> **What you are asked to do**:
All of the records should be reproduced word for word, but no images may appear in the copy.

==*==

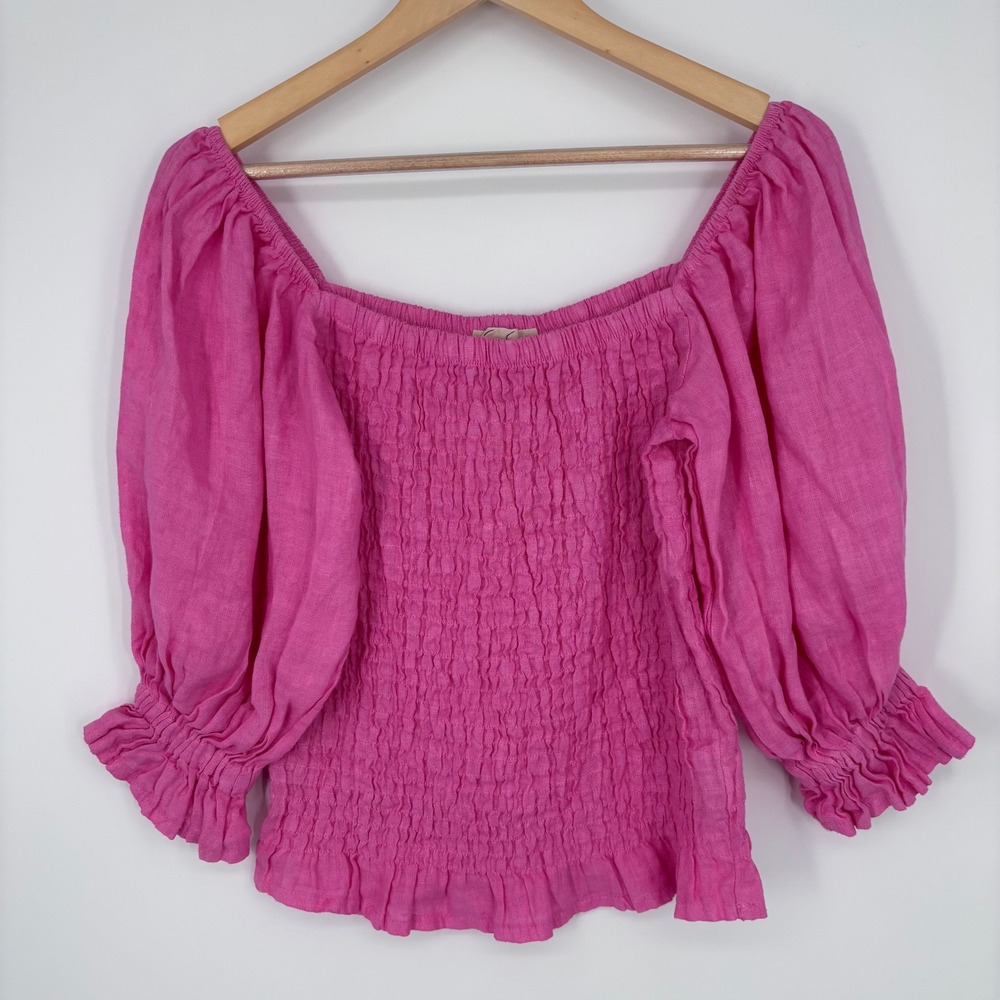 Sofia Smocked Linen Top Womens One Size Pink Balloon Sleeve Made in Italy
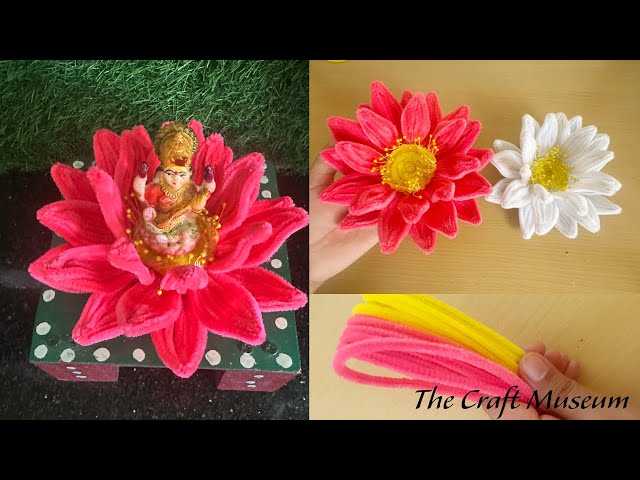 Beautiful DIY Lotus flower making idea with Pipe Cleaners | Craft Ideas | Home Decoration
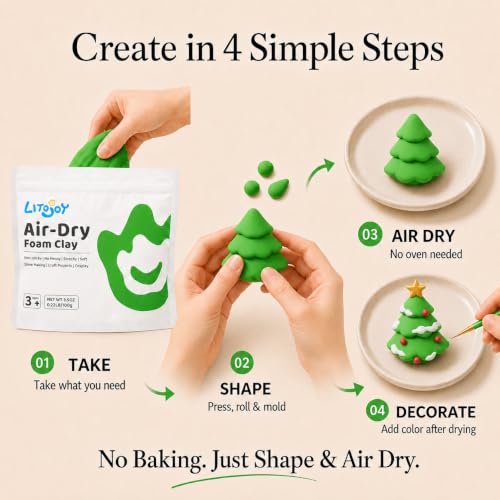 Green Air Dry Foam Clay 100g/3.5oz, Soft & Easy to Mold - color: Green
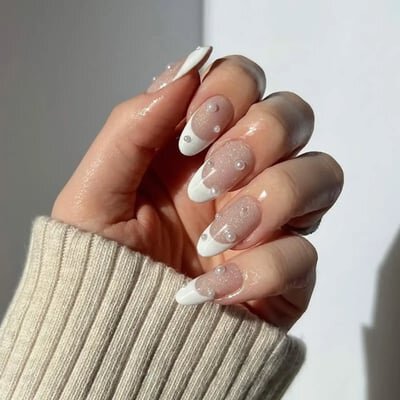 french unghie matrimonio invitata perle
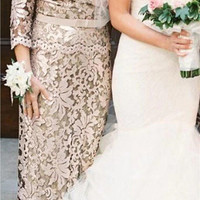 SP2126,Elegant lace sheath middle length sleeves mother of bridal dress,bride mother dress - Thumbnail 1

==*==

> **Answer space**:
 Sofia Smocked Linen Top Womens One Size Pink Balloon Sleeve Made in Italy
 Beautiful DIY Lotus flower making idea with Pipe Cleaners | Craft Ideas | Home Decoration
 Green Air Dry Foam Clay 100g/3.5oz, Soft & Easy to Mold - color: Green
 french unghie matrimonio invitata perle
 SP2126,Elegant lace sheath middle length sleeves mother of bridal dress,bride mother dress - Thumbnail 1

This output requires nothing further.